**Provided data**

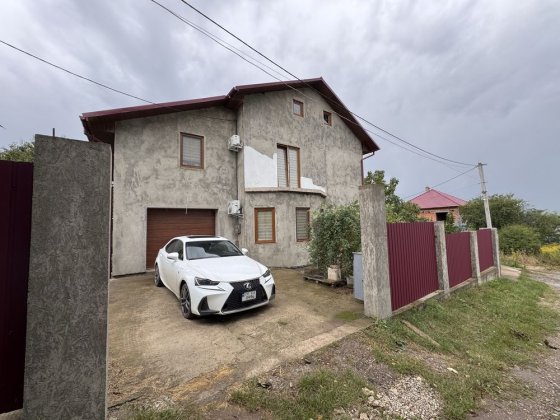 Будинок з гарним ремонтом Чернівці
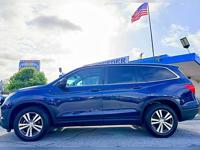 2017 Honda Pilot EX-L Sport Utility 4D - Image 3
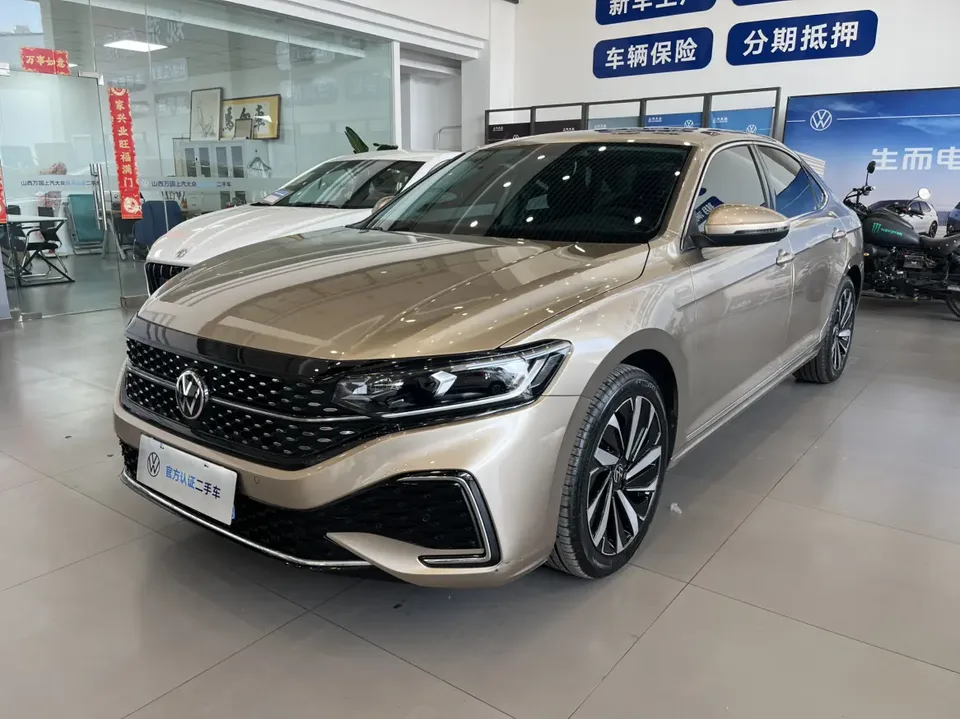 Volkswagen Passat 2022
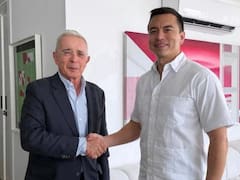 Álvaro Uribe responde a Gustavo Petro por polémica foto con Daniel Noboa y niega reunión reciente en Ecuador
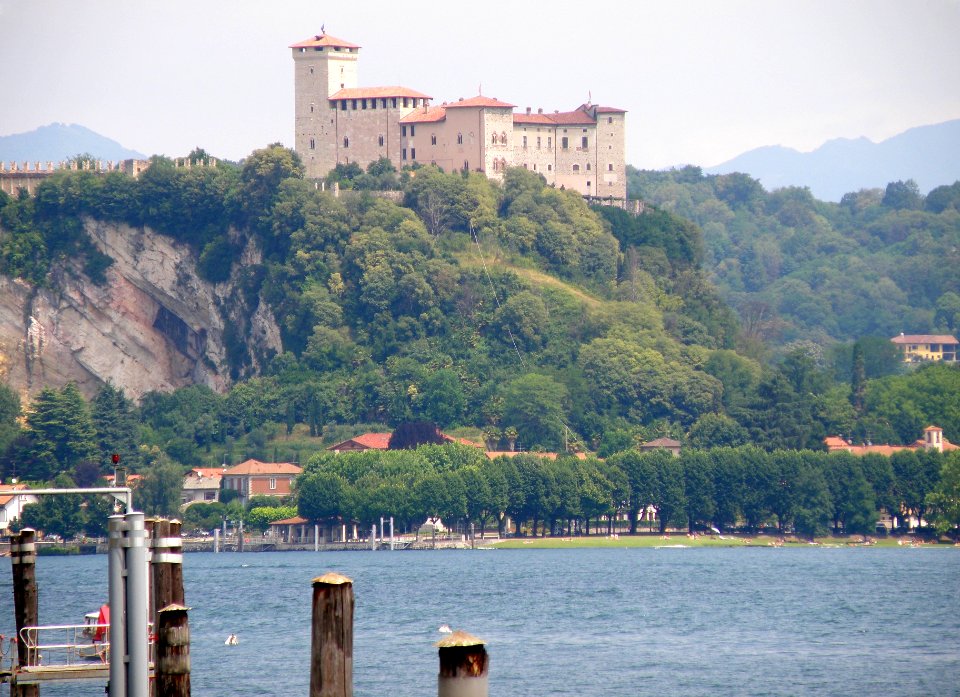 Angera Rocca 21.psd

**What you need to do**
Your answer must be the full listing, word for word, minus any images.

**Result**
 Будинок з гарним ремонтом Чернівці
 2017 Honda Pilot EX-L Sport Utility 4D - Image 3
 Volkswagen Passat 2022
 Álvaro Uribe responde a Gustavo Petro por polémica foto con Daniel Noboa y niega reunión reciente en Ecuador
 Angera Rocca 21.psd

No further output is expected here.